Tetralogy of Fallot is treated with open-heart surgery. This can be done immediately after birth or later during infancy. The aim of this surgical operation is to repair the four defects that the condition involves and make the heart to function as normally as it can be possible. This can immensely improve the baby’s quality of life and health.
Types of Surgery
There are two main types of surgical operations that are used in the treatment of tetralogy of fallot. These are;
- Complete Intracardiac Repair. This enhances blood flow to the lungs. It also makes sure that blood rich in oxygen and that poor in oxygen flow to the right destinations. This is the complete surgical operation to treat the defects.

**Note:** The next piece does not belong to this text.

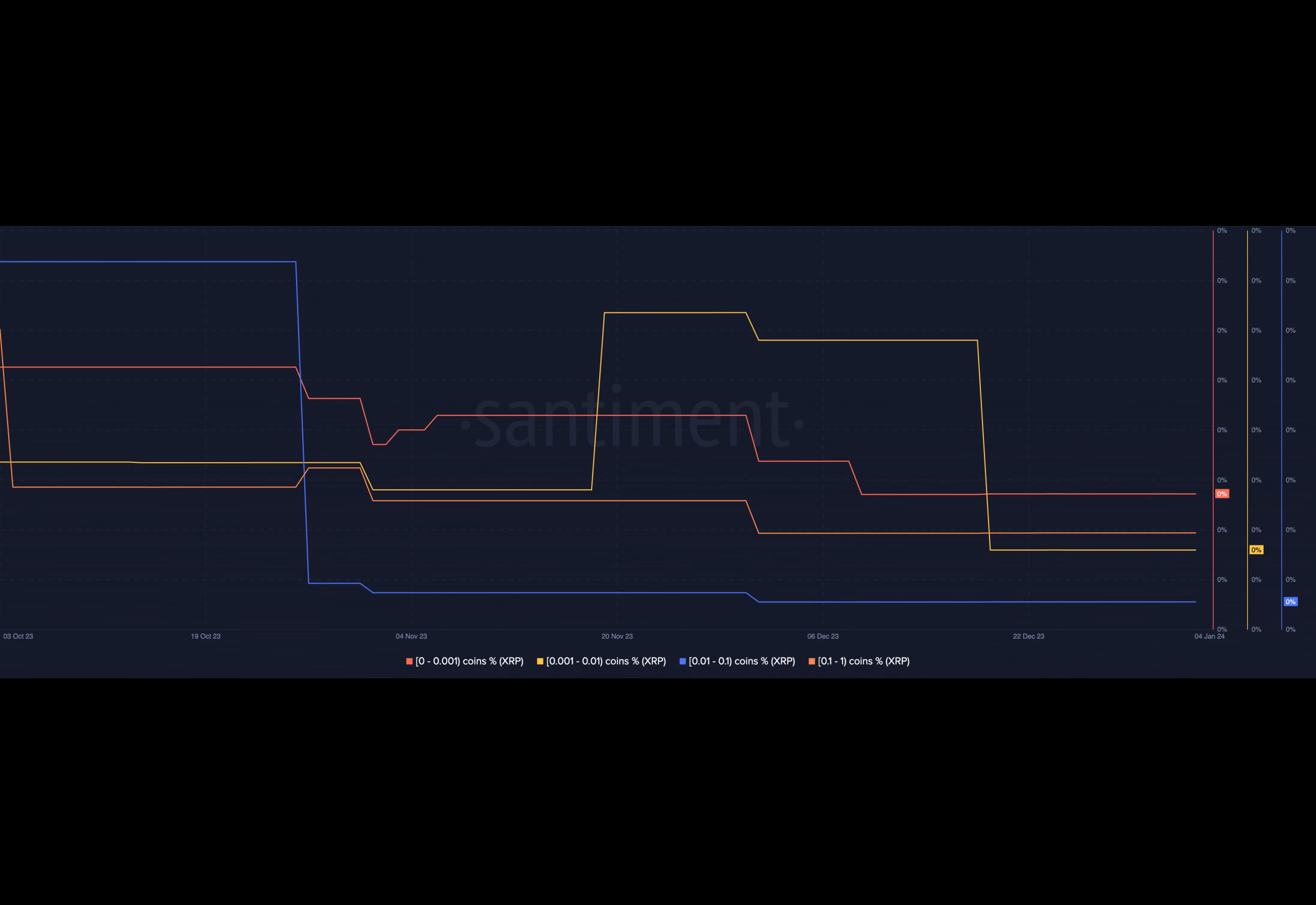However, despite diminishing retail interest, the trading volume of XRP experienced a noticeable spike, suggesting a potential disconnect between investor sentiment and trading activity.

- Temporary or Palliative Surgery. In the past, surgery used to be done on a temporary basis at infancy. This is no longer the case. However, some babies are too weak or too light for full repair. They therefore need this temporary surgery that improves oxygen levels in the blood. The operation also buys time for the baby to get fit enough for the full surgery and complete repair.

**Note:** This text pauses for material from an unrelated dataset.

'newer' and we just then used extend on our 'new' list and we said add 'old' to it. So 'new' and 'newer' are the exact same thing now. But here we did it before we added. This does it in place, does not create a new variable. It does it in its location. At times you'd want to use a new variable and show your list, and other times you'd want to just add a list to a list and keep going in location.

Risks Associated with Tetralogy of Fallot
There are several risks that are associated with tetralogy of fallot. Some conditions and factors that transpire during pregnancy may heighten the risk of getting a baby with tetralogy of Fallot. These may include the following;
- Age (being older than 40)
- Alcohol abuse
- German measles (rubella) and some other viral illnesses
- Heredity (Family history of the defect)
- Poor nutrition
- Poorly controlled diabetes
Who Can Go for Tetralogy of Fallot Treatment
Babies suffering from tetralogy of fallot should be taken for treatment immediately. If you notice the signs and symptoms after you have already left the hospital, you should get emergency services for the baby to get back to the hospital. If the parent has already gotten one child that has the defect, the parent should ensure that the second child is properly examined to rule out the possibility of the defect or get early treatment. Babies with DiGeorge syndrome should be taken for diagnosis of tetralogy of fallot because they have an increased chance of getting the defects.
Parents older than 40 years should have their newborns properly checked for this condition. The same case applies to those who abuse alcohol, those with other genetic illnesses and those who may suffer from certain nutritional deficiencies.